To be frank with the dear reader, I did not know what to make of the alleged request by the Yagbonwura, or the Paramount King of the Gonja people, to Vice-President Mahamudu Bawumia to help raise funding for the construction of a modern palatial mansion that sparked a firestorm of fury among some Gonja leaders (See “Gonjas Fume Over Yagbonwura’s Request to Dr. Bawumia for a Modern Palace” / 5/20/17). But it is quite obvious that the critics of Yagbonwura Tuntumba Borisa, I, were or had been motivated by ethnic and ideological sentiments and concerns.

In all likelihood, the fact that former President John Dramani Mahama is himself a Gonja native of some remarkable royal standing in the Gonja sub-nation is something that does not make such request sit well with the critics who, by the way, appear to be largely the relatives and clansmen of the former President.
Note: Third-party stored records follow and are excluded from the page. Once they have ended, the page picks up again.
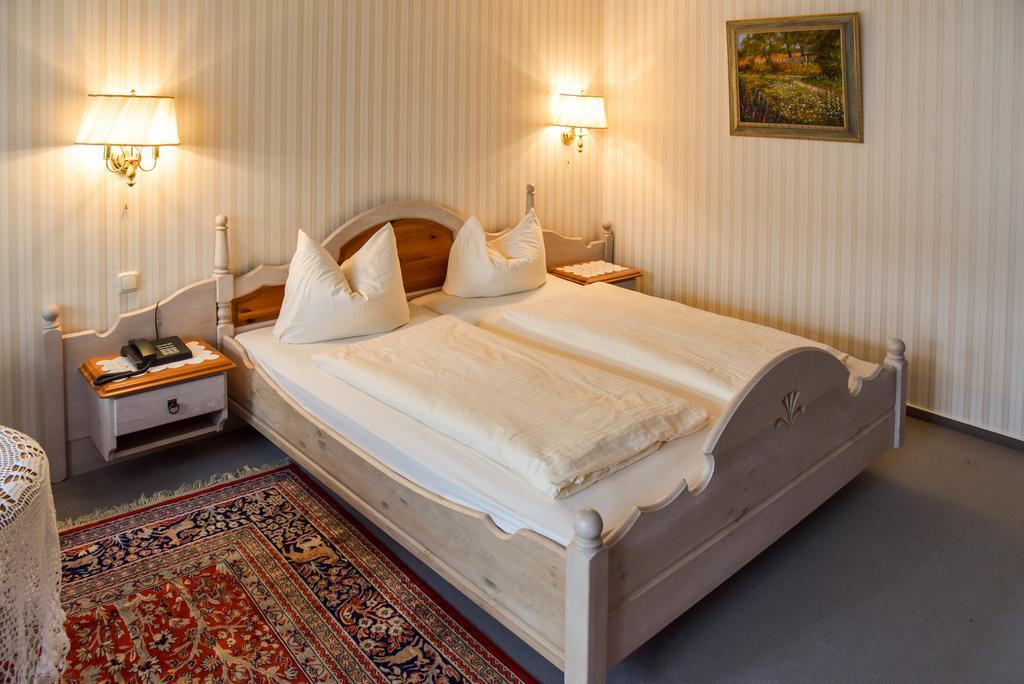 Landhotel Schnupp Neudrossenfeld Bagian luar foto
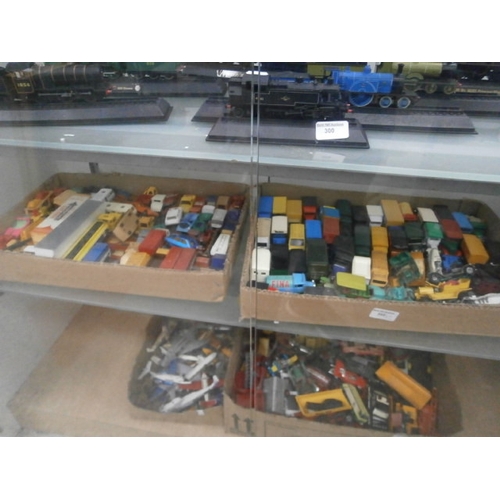 355 - Two boxes of assorted diecast cars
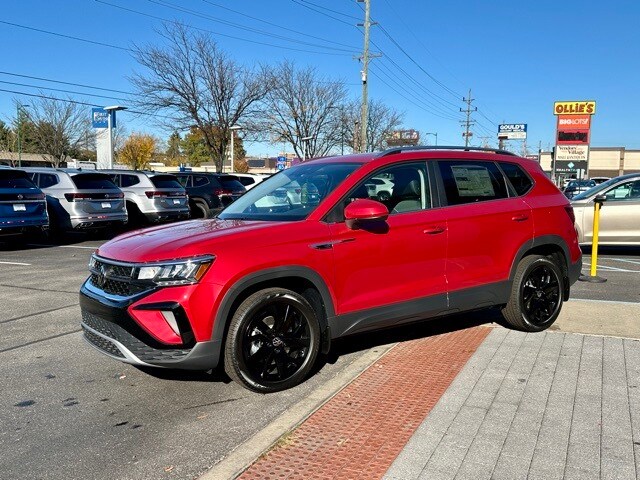 2024 Volkswagen Taos SE photo 3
But what is clear is that the Yagbonwura appealed to Vice-President Bawumia because his initial request to then-President Mahama may very well have been rebuffed; and perhaps rightly so, because it is not the legal and/or constitutional obligation of either Presidents or Vice-Presidents to facilitate the modernization of the palatial mansions of our traditional rulers, even the most prominent and/or important among these rulers.

The Mahamas, as most of our readers may already know, are not exactly cozy with the Bawumias or their Mamprusi/Mamprugu neighbors. Indeed, in the lead-up to the 2016 general election, we had an uncle of former President Mahama virulently accuse the late Alhaji Mumuni Bawumia, father of Ghana’s current Vice-President, of having politically undermined the fortunes of the Gonja people and that of Mr. Emmanuel Mahama, father of former President John Mahama, the first postcolonial Northern Regional Minister. Somebody from the same Mahama Clan would later attempt to mend matters by calling the members of the Mamprusi/Mamprugu community and their Gonja counterparts brothers and kinsfolk.
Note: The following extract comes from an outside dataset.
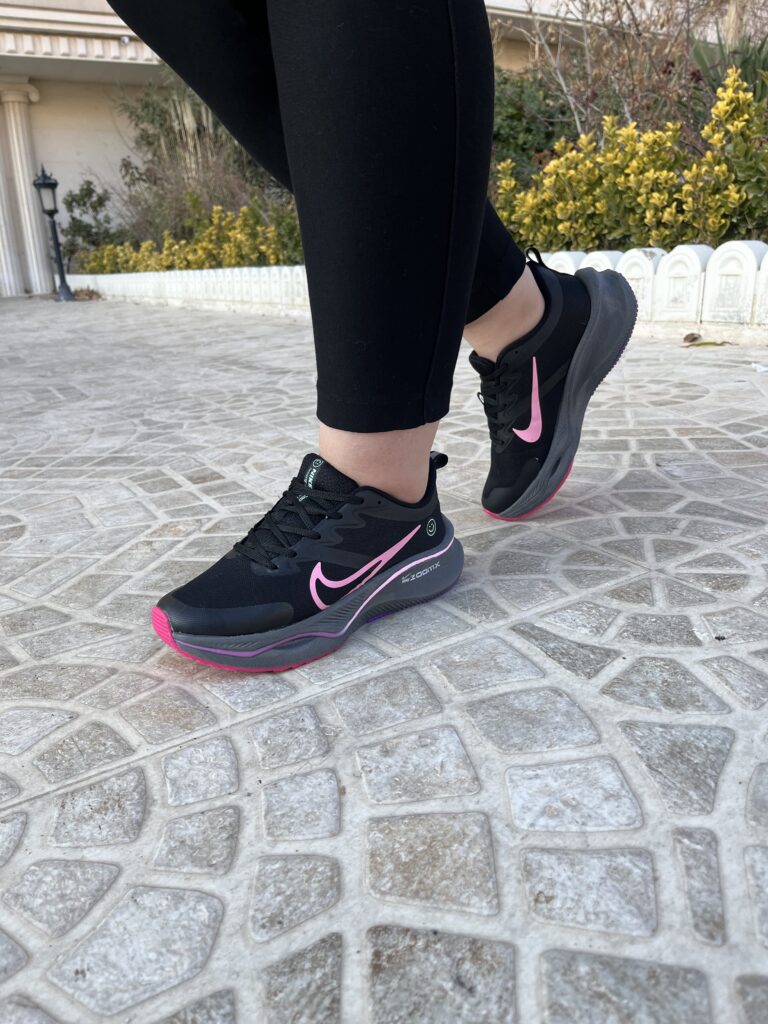 کتونی نایکی zoom x لبخند دخترونه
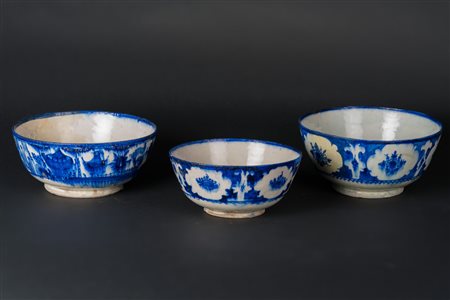 Arte Islamica Tre ciotole in ceramica dipinte con motivi vegetali blu sotto...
Whatever the reality on the ground may be, the request by Yagbonwura Tuntumba Borisa, I, for Vice-President Bawumia to assist with the construction of a modern palace for the Paramount King of the Gonja people is not as offensive as the news headlines made it seem. The Yagbonwura merely requested that some of the budgetary allocations to the various Gonja traditional councils be earmarked for the purpose. It was not as if the Yagbonwura had asked the former Deputy-Governor of the Bank of Ghana to divert some funds from the national budget for the purpose. It also well appears to me that there ought to already exist some institutional and/or constitutional arrangements by which the various chieftaincy paramountcies receive some form of regular remittances from the central government.
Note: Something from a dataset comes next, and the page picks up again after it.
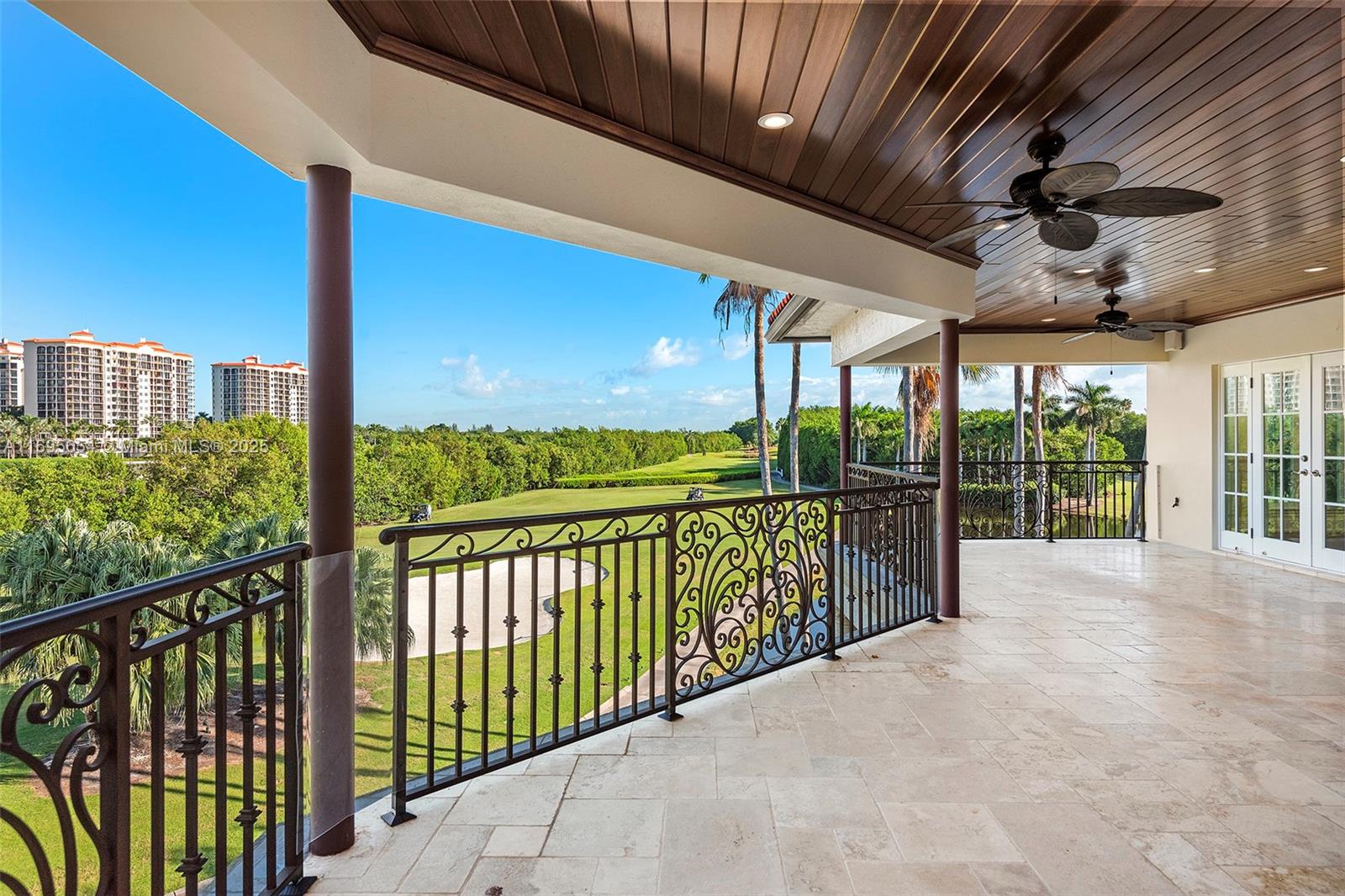 DEERING BAY ESTATES - Residential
At any rate, the photograph of the Gonja King’s palace that accompanied the news story captioned “Gonjas Fume Over Yagbonwura’s Request to Dr. Bawumia for a Modern Palace” looked quite impressive and historically appealing to me. I guess what I am trying to suggest here is that even if a new “modern” palace, whatever the latter means, get constructed, the historical genius of the Gonja architects and artists that is proudly and pleasantly reflected by the old or present palace must be preserved. Which simply means that the new palace must be built elsewhere. Eventually, the old palace could be converted into a nationally designated museum or landmark of some sort to attract tourist revenue.

I also don’t know the response that the Yagbonwura received from Vice-President Bawumia, both publicly and privately, but it does appear to me that while some prominent members of the Gonja State genuinely felt embarrassed by the request, nevertheless, it is he who wears the shoes who knows exactly where it pinches. A voluntary call to all Gonja-born Ghanaians resident at home and abroad, as suggested by some of the critics of the Yagbonwura, could be organized to supplement the effort. I am also inclined to suspect that the National House of Chiefs and its various regional and local branches all have some budgetary allocations that could be tapped into. Then also, the Yagbonwura could reach out to foreign donors who care about the preservation of our indigenous cultures for the purpose.